Trump is plainly annoyed by all of it. At the G7 summit
in Canada, he told the press that he no longer pays much attention to Carlson
now that he’s not on
television. Hours later, he posted on Truth Social, “Somebody please explain to kooky Tucker
Carlson that, ‘IRAN CAN NOT HAVE A NUCLEAR WEAPON!’”
Those quotation marks weren’t a grammatical mistake. (For
once.) Trump has said many times in the past that Iran can’t be allowed to have
nukes, as his press team was eager to remind
critics last night. Isolationists who believed he
wouldn’t support another Middle Eastern war now find themselves in the same
position as business owners who believed he wouldn’t impose steep tariffs or
start pulling illegal-immigrant workers off the job. Instead of listening to
him and taking him at face value, they heard what they wanted to hear.
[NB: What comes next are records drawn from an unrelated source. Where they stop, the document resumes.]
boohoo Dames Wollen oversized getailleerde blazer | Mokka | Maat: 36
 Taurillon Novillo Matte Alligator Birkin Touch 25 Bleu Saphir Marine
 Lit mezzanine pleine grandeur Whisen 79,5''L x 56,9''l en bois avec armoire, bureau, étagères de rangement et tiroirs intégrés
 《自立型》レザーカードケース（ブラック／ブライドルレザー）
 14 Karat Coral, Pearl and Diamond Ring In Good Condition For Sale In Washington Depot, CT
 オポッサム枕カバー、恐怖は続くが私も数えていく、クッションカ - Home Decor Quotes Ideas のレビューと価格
Now here we are, with the president momentarily aligned
with “warmongers” and “globalists” against the “kooky” postliberals whose revolution
he’s supposed to be leading. Monday must have been the first time in 10
years that Greene took
sides with some other right-wing figure against Trump.
Cracks are forming in the Republican coalition in real
time, before our eyes. What happens next?
Short-term.
In the short-term, as long as Trump is president, nothing
happens.
“Ignore Steve Bannon” is usually good advice but never
more so than at this moment. Bannon told Carlson in an interview that Trump’s
coalition could crumble over this conflict because it’s held together by three
commitments—expelling illegal immigrants, repatriating jobs via
protectionist trade policies, and, yes, ending “forever wars.” And it’s true,
nationalist ideologues like him do care
about that stuff.
Most Republican voters aren’t ideologues, though. Insofar
as the right’s rank-and-file feels strongly about any of those three, their
feelings would soften quickly and considerably if Donald Trump were to express
his opposition to them. What actually holds the president’s coalition together
is bottomless loyalty to the man himself and two simple political intuitions:
that the right’s enemies should be punished ruthlessly and that government by
the right rather than the left is preferable no matter how reprehensibly the
right behaves.
Iran is one such enemy to be punished. The right has
spent more than 45 years despising that country’s clerical oligarchy, from the
hostage crisis of 1979 to the Beirut barracks bombing in 1983 to the war waged
by Shiite militias on American troops in Iraq. Iranian fingerprints are on a lot
of those Middle Eastern “forever wars” that Tuckerites are screaming about this
week. And Iran is also a sworn enemy of Israel, of course, a country with which
many right-wingers sympathize for political and religious reasons.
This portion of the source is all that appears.